Monster rolls a crit, and does, say, 50 damage. Warden's got 80 hp max, setting his bloodied at 40, and his surge value at 20. Let's give him swift recovery, make him a dragonborn... so we're looking at probably a surge value of 27 realisticly. BUT! He's at 19 hit points.

How does this all work out?

Well, the 50 damage knocks the warden down... but he uses his immediate interrupt, so time backs up to before the action starts. He's healed from 19 to 46 hit points... thusly he's no longer blooded. Now you re-resolve the offending action from the very beginning. Target: Blooded creature. The power has an illegal target! Thusly it is invalidated. The damage never occurs.

'But how can you back up in time!!?!? What!?!?' That's what the words 'Immediate Interrupt' mean. It means whatever happened... this happens before it. They're the quick reactionary things people do just before something smacks them. Interrupts happen first. That's what they do. And yes, they CAN invalidate actions... that's actually the term the rules use for that sort of situation.
 

Blood Jester

First Post
Effects all happen after damage

Sequence of events:

-You are hit
-You take damage
(damaging action complete and in the past now)
-You drop to 0 (or fewer) hit points <= [TRIGGER!]
-You use Bear's Endurance to immediately interrupt going below 0
-You do not fall down, you do not drop weapons/items, ongoing effects you maintain do not end, no action needs to be spent reviving you, you are not left vulnerable, etc., etc., etc.

But this does not happen *before* you take the damage, it happens before you fall to/below 0.

You interrupt the trigger.
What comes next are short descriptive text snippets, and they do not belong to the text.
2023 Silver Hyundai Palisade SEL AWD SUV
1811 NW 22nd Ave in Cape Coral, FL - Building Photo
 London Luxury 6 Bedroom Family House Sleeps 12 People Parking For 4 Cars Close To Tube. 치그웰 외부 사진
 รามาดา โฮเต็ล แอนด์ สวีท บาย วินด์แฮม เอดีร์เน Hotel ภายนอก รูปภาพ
The trigger here in not taking damage, it is hitting the 0 hit point mark.

And yes, those are completely different.
 

DracoSuave

First Post
Sequence of events:

-You are hit
-You take damage
(damaging action complete and in the past now)
-You drop to 0 (or fewer) hit points <= [TRIGGER!]
-You use Bear's Endurance to immediately interrupt going below 0
-You do not fall down, you do not drop weapons/items, ongoing effects you maintain do not end, no action needs to be spent reviving you, you are not left vulnerable, etc., etc., etc.

But this does not happen *before* you take the damage, it happens before you fall to/below 0.

You interrupt the trigger. The trigger here in not taking damage, it is hitting the 0 hit point mark.

And yes, those are completely different.

Immediate Interrupts occur before the triggering action, and -explicitly- have the ability to invalidate entire actions--see Player's Handbook.

The actual sequence of events is:

You are hit
You take damage
You are knocked below 0 or fewer hit points <--- trigger happens
Bear's Endurance has the Immediate Interrupt action type, and can therefore invalidate entire actions, thus resolution changes:

Bear's Endurance
Maybe you are hit
Maybe you take damage
Maybe you're still knocked below 0 or fewer.

The phrase 'This has already happened' doesn't exist for an ability mid-resolution, and doesn't apply to immediate interrupts.

QV: Immediate Interrupts that move you but are triggered by being hit can invalidate the target step of resolution. Wizard's Escape, for instance.

You're confusing Interrupts with how triggered Free Actions work. Reactions work similiarly as well... they only occur after an action or single square of movement.